PROVIDED MATERIAL:
■ ■ ■ ■
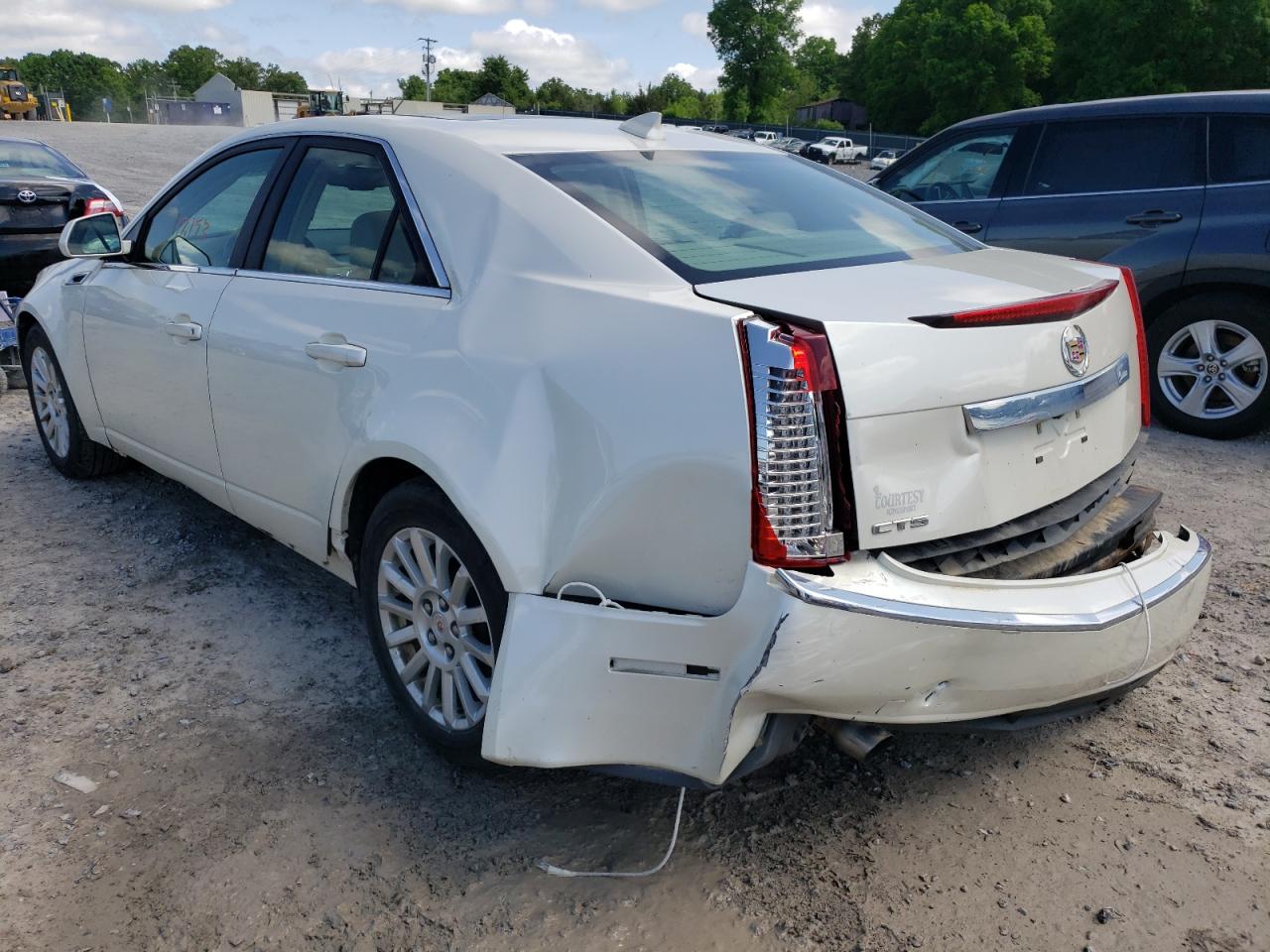 Photo 3 from auction – 2011 CADILLAC CTS LUXURY with VIN 1G6DE5EY2B0149515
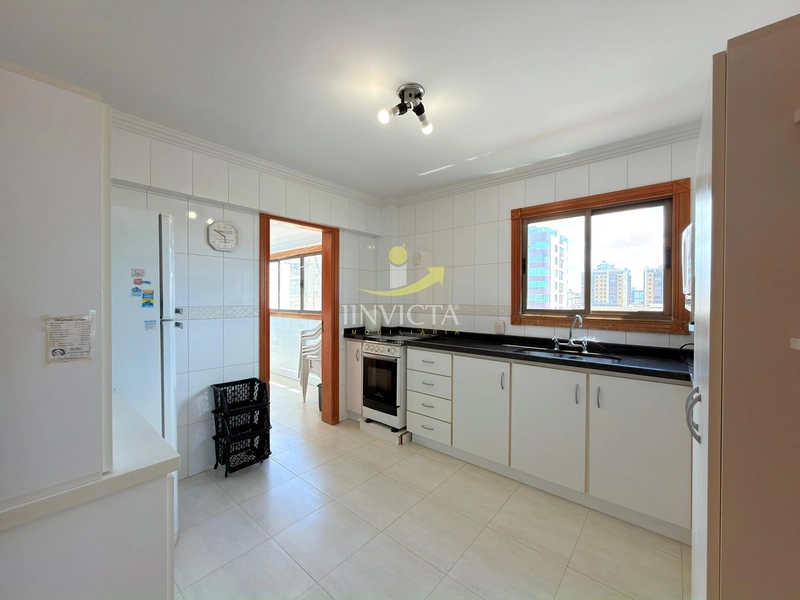 Apartamento de 4 dormitórios disponível para locação de temporada.: 10ª foto da galeria de imagens do imóvel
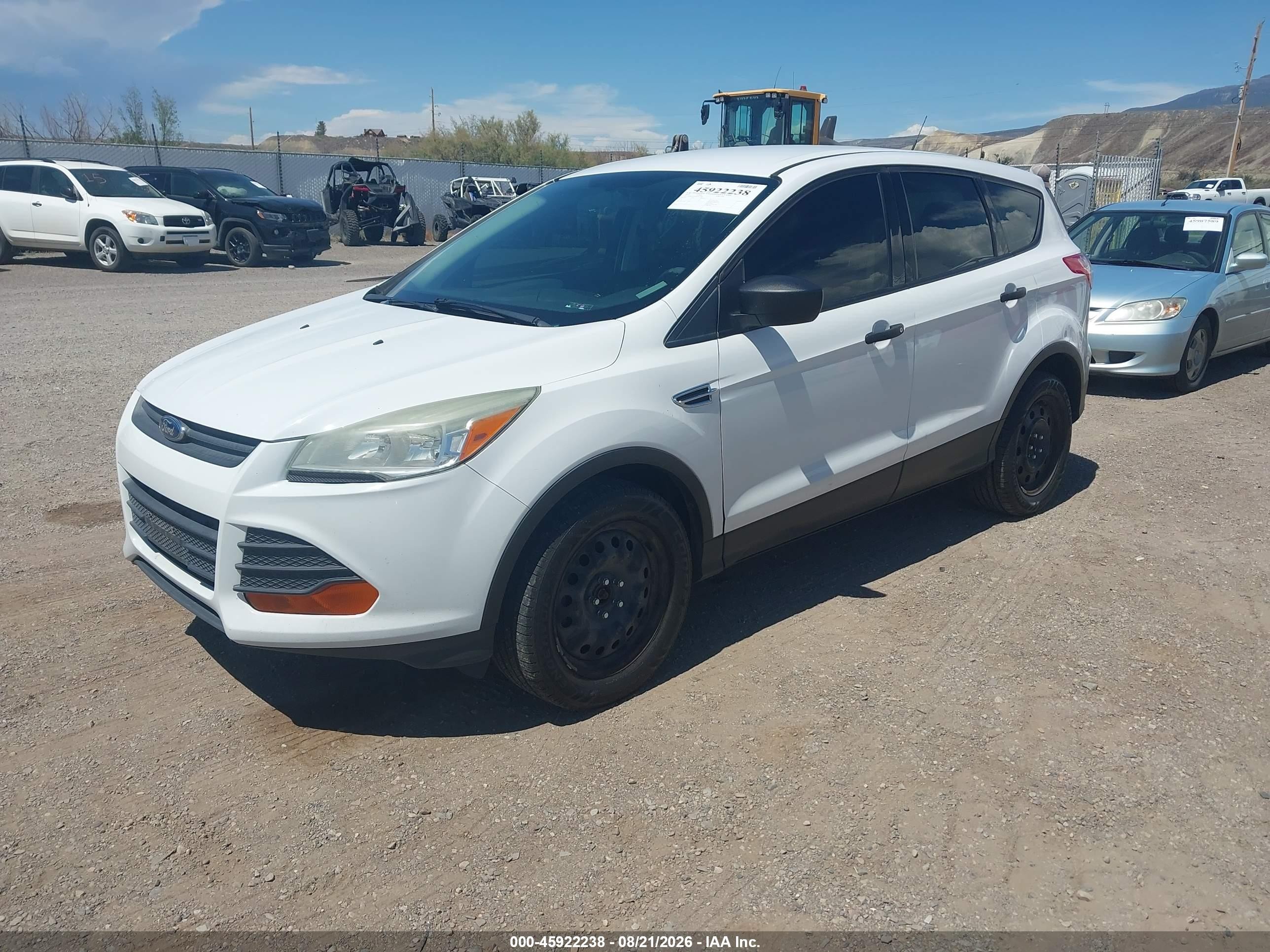 2013 Ford Escape S Белый vin: 1FMCU0F76DUD77884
■ ■ ■ ■
TASK TO CARRY OUT:
Return all the material exactly, pictures excluded.

ANSWER BOX:
 Photo 3 from auction – 2011 CADILLAC CTS LUXURY with VIN 1G6DE5EY2B0149515
 Apartamento de 4 dormitórios disponível para locação de temporada.: 10ª foto da galeria de imagens do imóvel
 2013 Ford Escape S Белый vin: 1FMCU0F76DUD77884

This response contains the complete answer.